Both FA and FL are highly sensitive techniques in FBSS and are thus favoured for use in fragment screening in competition mode with a fluor-labelled reporter. FA-based studies firstly require the chemical derivation of a known high affinity binding ligand and then covalently linking it to a fluorescent dye with an appropriate excited state lifetime. Exciting a fluor with polarized light results in a polarized emission spectrum which can be depolarized by rotational diffusion.

Anisotropy (A) is calculated by:

A=(I1 – I2)/(I1+2I2)

Where I1 and I2 are the emission intensity parallel and perpendicular, respectively, to the plane of the excited light (15). Since A is interchangeable with polarity, its value depends on the fluor rotational correlation time and lifetime of the excited state therefore it can be calculated from these values and a limiting anisotropy (about 0.25 for fluorescein) which depends on the wavelength and dye used. Ultimately, these measurements are used to calculare the observed A in a fluor-free and fluor-bound state with the target receptor (44).

FA is similar to SPR in working within a limited dynamic range and fragment concentrations comparable to the KD of the fragment. FA studies should be performed in high fraction conditions of bound fluor-tagged molecule and comparable to the dissociation constant. With FA reporting a number of false positives or false negatives as a result of optical interferences, FL are added to FA studies to reduce this and identify autofluorescent molecules.
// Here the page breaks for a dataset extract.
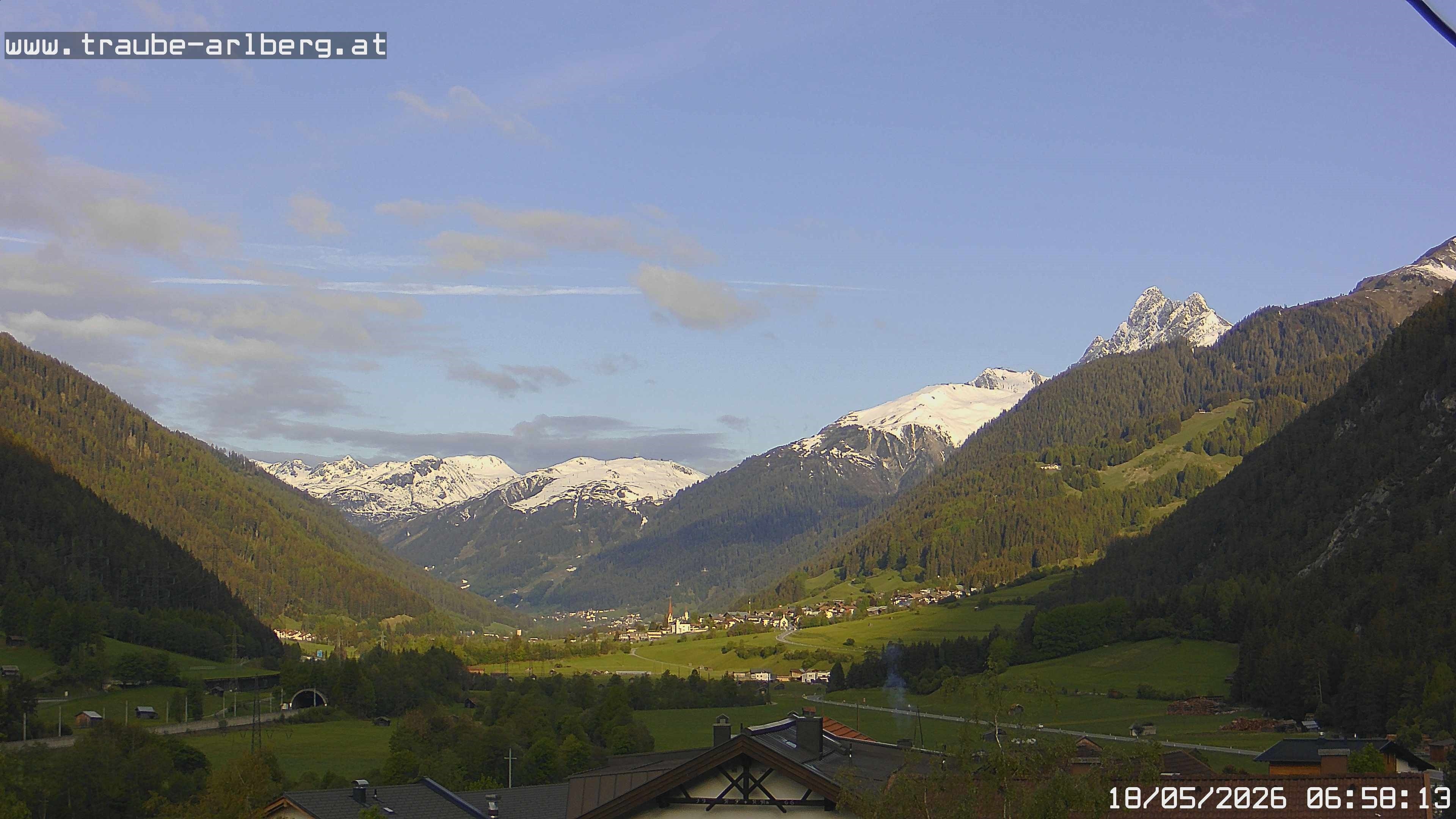 Archiv Foto Webcam Pettneu, Gasthof Traube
FA and FL are very similar, including the need to test fragments within their KD range, but they differ in their target protein size sensitivity, and that in FL the change in fluorescence lifetime cannot be predicted following binding (15).
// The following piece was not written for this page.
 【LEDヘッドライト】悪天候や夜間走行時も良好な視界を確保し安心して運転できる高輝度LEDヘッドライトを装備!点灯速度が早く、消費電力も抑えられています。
Overall, both these techniques are highly sensitive and with their ability to be automated, as well as compact size of assays, can lead to rapid fragment screening of up to hundreds of thousands of compounds in a matter of days (15).
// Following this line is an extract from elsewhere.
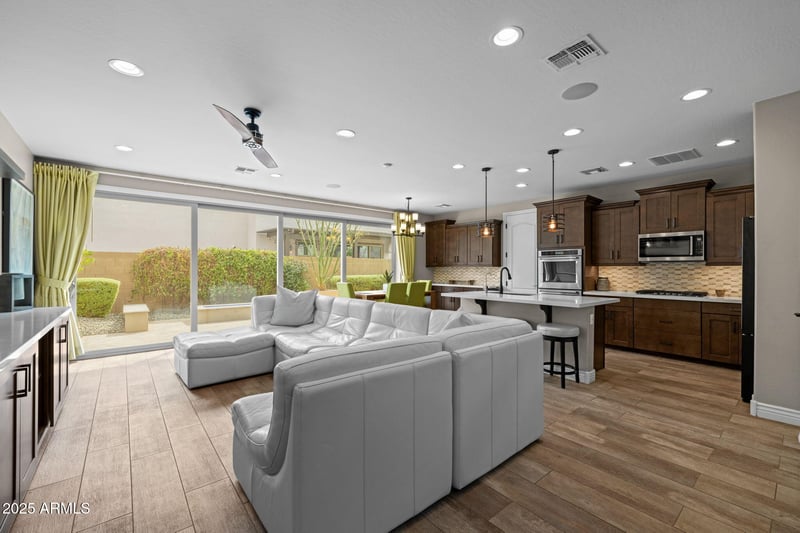 9743 Kinetic Dr, Mesa, AZ 85212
Fluorescence correlation spectroscopy (FCS) is another method that is applied in FBDD. Its measurements are based on detecting the temporal fluctuations in the fluorescence signal from the diffusion of individual fluors in and out if a small tightly focused confocal element by autocorrelation. FCS provides data on the concentration of fluors, diffusion times of the components, and average light intensity per molecule (44).

Based on the principle of detecting conformational changes in fragment-protein interactions, Mikuni et al (46) successfully used FCS in a competitive binding assay to screen fragments that could weakly bind to the c-Cbl TKB domain and phosphopeptides derived from the tyrosine-protein kinases zeta-chain (TCR) associated protein kinase 70kDa (ZAP-70), adapter protein with a PH and SH2 domain (APS) and epidermal growth factor receptor (EGFR) from which six hits with an affinity for the c-Cbl site were identified. Detection was in the increased diffusion time of a labeled probe upon binding to target protein and the FCS data obtained were fitted in models of fluorescently labeled unbound and bound ligand probes. The heterogeneity of the probes resulting from the addition of compound was used to select hit fragments and analyzed using the fluorescent particle number and chi square statistical values to provide evidence of a good enough fit inot the models. The results of this experiment were confirmed using SPR to directly measure the binding amounts of the fragments from which five that bound selectively were identified. FCS therefore also has an advantage in the study of time-dependent binding of fragments to target proteins which can be applied in FBDD.